Okay so I did a thing. @passivenovember made an excellent post on twitter about kindergarten teacher!Steve and I indulged.
• • • • •
The first day of school should have been the red flag. Day One of kindergarten was technically a half-day, because the little ones might find their first day of school to be overwhelming. It was a fifty-fifty chance that a student had done preschool before kindergarten, so the day was only from 8am to noon.
Steve had been doing this job for long enough that he had developed a good eye for which kids would be problematic. It was never indicated by the children, themselves.
It was the parents.
The first day of school was an unofficial parent-teacher conference, with Steve meeting every parent and introducing himself and his classroom to them. Plenty of parents were sweet as could be and profusely grateful, because they had been waiting four or five years for this day: the day they’d finally get to have more hours to themselves. Hours for self-care. Hours at their workplace to make better money.

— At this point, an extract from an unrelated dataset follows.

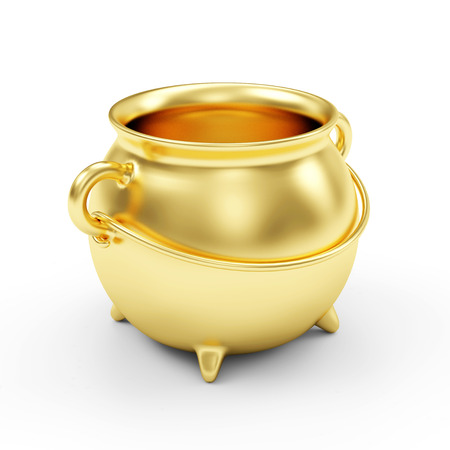 Empty Golden Pot isolated on white backgroundの写真素材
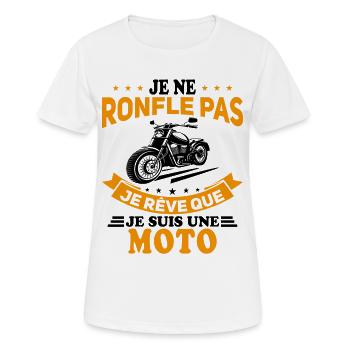 Je Ne Ronfle Pas Je Rêve Que Je Suis Une Moto - T-shirt respirant Femme - blanc - Devant - AI Model Female 172 dark (172cm)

An overall passing of the baton to someone else to raise their kid.
As for the kids themselves, they were easy to read in regards to who’d been in daycare or not. They were either very social or immediately minded their own business. The kids who looked around like they were lost were where he devoted the most of his time on the first day.
Lila Hargrove was one of the latter. She walked in, holding her dad’s hand next to her head while the other fiddled close to her mouth. She didn’t suck her thumb, but she seemed to be thinking about it.
Steve stood up from where he crouched next to a table, getting the others settled and extended a hand. “Good morning! I’m Steve Harrington.”
The father was able to shake his hand since he carried his daughter’s purple backpack on one shoulder. “Billy Hargrove. This is my cupcake, Lila."
Hearing her name, her head jerked up, but Steve smoothly knelt on one knee for her level. “Hi, Lila. I’m Mr. Steve. What’s your favorite thing to do?”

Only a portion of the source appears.